The Guardian published an obit, Dubravka Ugrešić: a droll genius with an unwavering devotion to literature, whose headline intrigued me enough for me to stick in my nose. I think I learned something, so I am passing it along:

Ugrešić was born in 1949 in Kutina in the former Yugoslavia, to a Bulgarian mother and Croatian father, but spent the majority of her working life in exile in Amsterdam. When war took hold of Yugoslavia in the early 90s, Ugrešić spoke out against the creeping nationalism of newly independent Croatia – for which she was shunned by the literary establishment (“whatever that word means,” I can hear her mutter). Booksellers stopped displaying her books and critics boycotted her works. The media even accused her of being a witch. Well versed in the intimate link between the history of sexism and tired literary tropes, Ugrešić would later respond to this charge with characteristic class: “I accepted it as an honourable name,” she told an interviewer in 1999. “I decided to take my broom and fly away.”
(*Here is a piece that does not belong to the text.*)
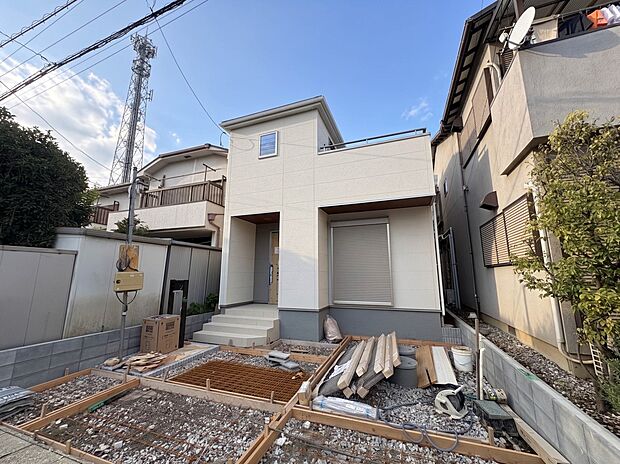【外観】こちらの物件が少しでも気になるようでしたら、お気軽にお問合せください。人生でいちばん大きなお買い物ですので、ゆっくりご見学ください。ネット上の画像と実際の見学では、リアル感がまるで違…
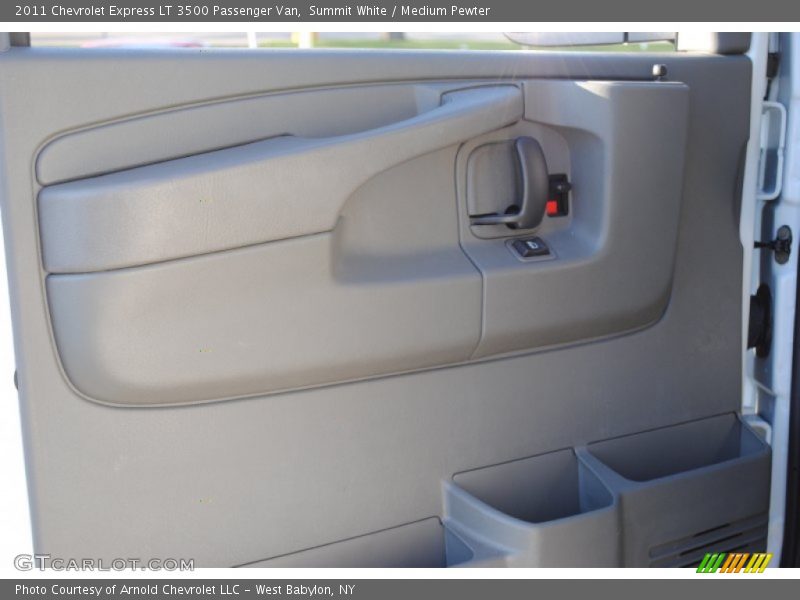 Summit White / Medium Pewter 2011 Chevrolet Express LT 3500 Passenger Van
The literary cliques that would go on to denounce her had once swooned over her debut novel, Fording the Stream of Consciousness, a work rich in parody and slanted literary references for which she won the NIN in 1988, a prestigious Yugoslav (now Serbian) literary award whose past winners include Danilo Kiš and Milorad Pavić. Ugrešić was the first woman to receive the award and it was the first in a long line of prestigious accolades, most notably the Neustadt prize, a kind of unofficial Nobel, in 2016.

Okay, another Eastern European writer lauded over there and unknown here. So what? Matthew Janney continues with:

My first encounter with Ugrešić’s writing was her probing essay collection Thank You for Not Reading, which brilliantly dissects the widely accepted absurdities of the literary “marketplace”. The collection is unsparing, often irate, and contains some of the best examples of Ugrešić’s affectionate humour. “Recently I have done nothing but write book proposals,” she writes in one satirical essay on this sort of commercial legwork. “I took the trouble to write a book proposal for Remembrance of Things Past. It was turned down. Boring, too long, change the title…” And alongside the piercing wit, her unwavering commitment to preserve literature – and all its moral, spiritual and enchanting properties – reverberates from page to page.
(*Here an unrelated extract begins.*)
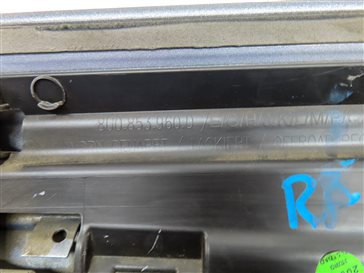Thumbnail 7: 2015 AUDI Q3 (8U) FRONT RIGHT PASSENGER LOWER DOOR MOULDING TRIM  (Silver)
In the days after her death, I revisited her book Baba Yaga Laid an Egg, an ingenious blend of narrative and folklore, and was struck by a particular passage: “Baba Yaga,” she writes, “hers is the drama of old age, hers the story of excommunication, forced expulsion, invisibility, brutal marginalisation. On this point, our own fear acts like acid, which dissolves actual human drama into grotesque clownishness. Clownishness, it is true, does not necessarily have a negative overtone: on the contrary, in principle it affirms human vitality and the momentary victory over death!”

I paused over this word “clownishness”; how many writers today would lay that allusion at their own feet? Part of Ugrešić’s greatness was her brave refusal to bend to the literary tastemakers; she hovered, gleefully, above it all.

 Oh, yes, a lesson to be learned in how to be a writer. And one who praises clownishness should not be ignored. 

I am going to taper off my writing for this blog, so I can do more reading - and my  own writing.